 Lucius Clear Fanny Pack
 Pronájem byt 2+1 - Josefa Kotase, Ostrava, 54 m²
──────
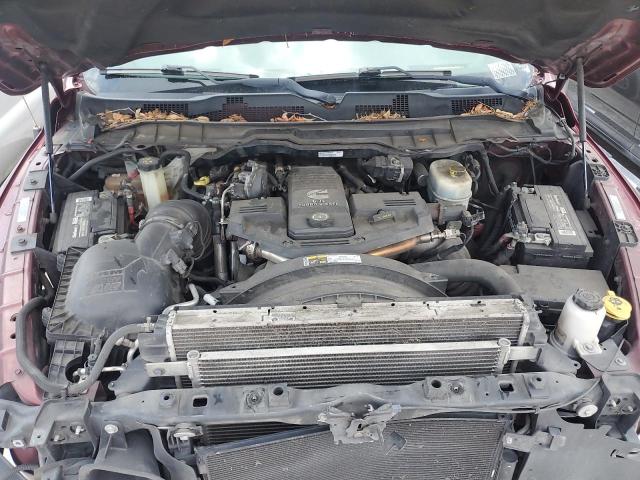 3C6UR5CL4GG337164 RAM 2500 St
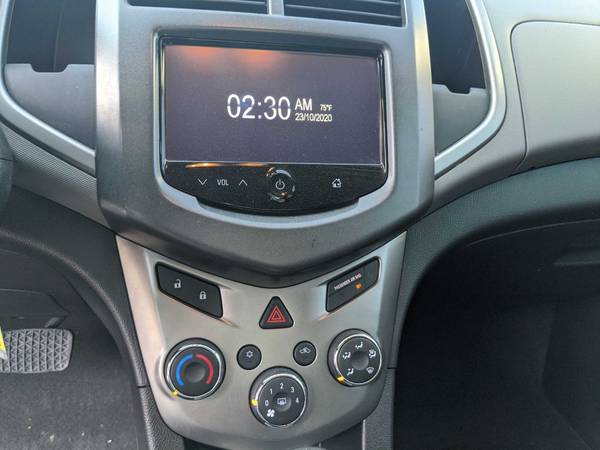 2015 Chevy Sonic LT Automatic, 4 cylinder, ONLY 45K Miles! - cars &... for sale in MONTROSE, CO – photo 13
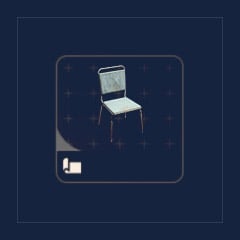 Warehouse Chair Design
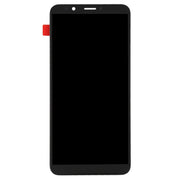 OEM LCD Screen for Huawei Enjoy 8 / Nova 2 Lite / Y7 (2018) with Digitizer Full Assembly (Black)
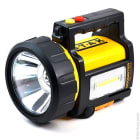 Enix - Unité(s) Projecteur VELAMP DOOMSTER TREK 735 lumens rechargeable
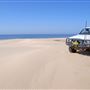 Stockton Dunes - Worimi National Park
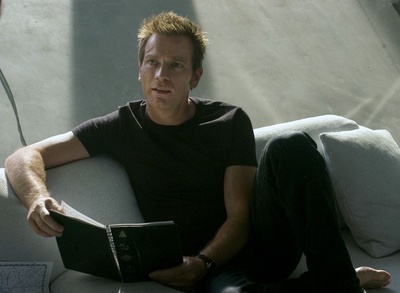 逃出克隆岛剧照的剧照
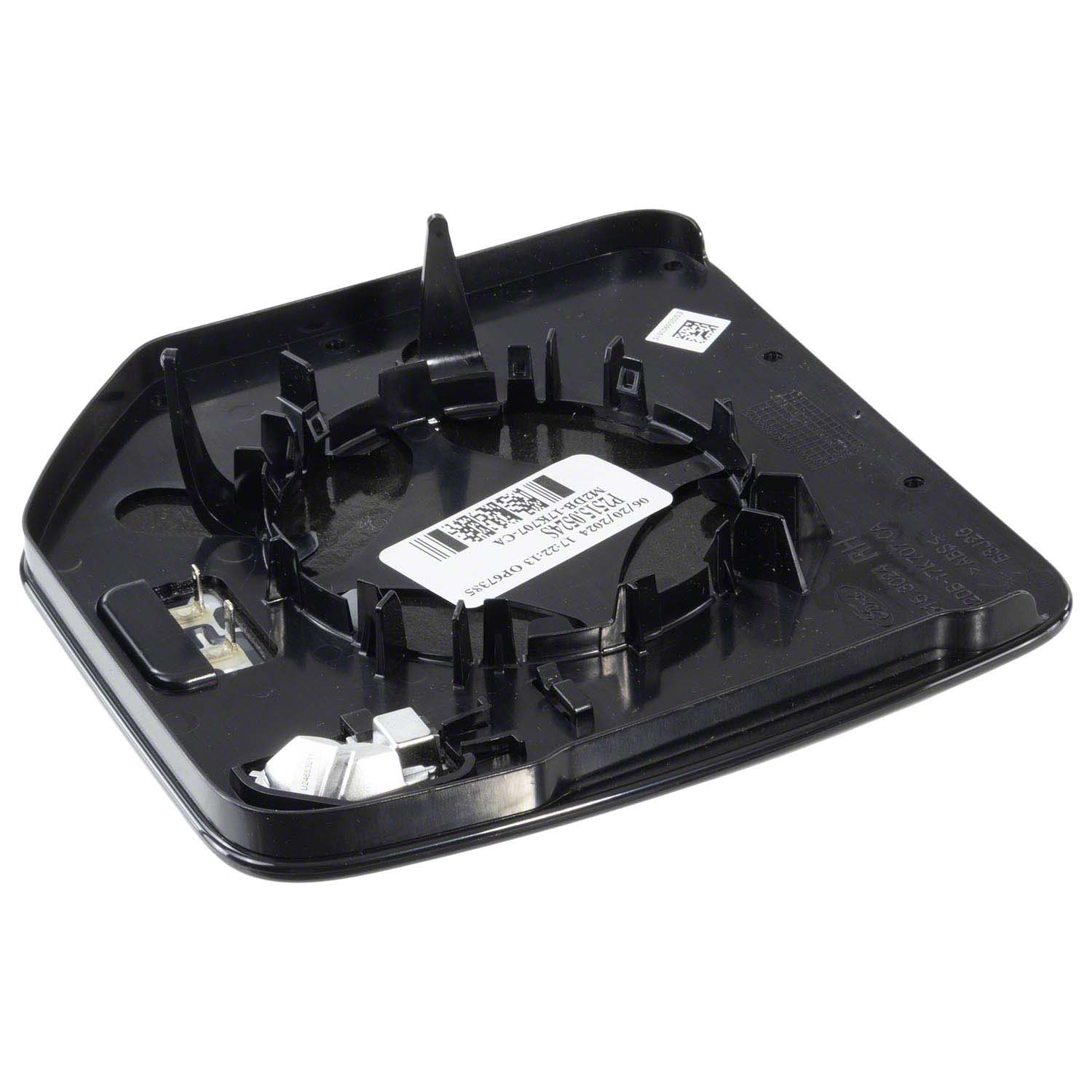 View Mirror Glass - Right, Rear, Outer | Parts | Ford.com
──────
> [TASK BRIEF] Look above and copy only the lines from the one holding "Stockton Dunes - Worimi National Park" to the one holding "View Mirror Glass", both included, exactly, minus the pictures.

> [EXERCISE SOLUTION]
 Stockton Dunes - Worimi National Park
 逃出克隆岛剧照的剧照
 View Mirror Glass - Right, Rear, Outer | Parts | Ford.com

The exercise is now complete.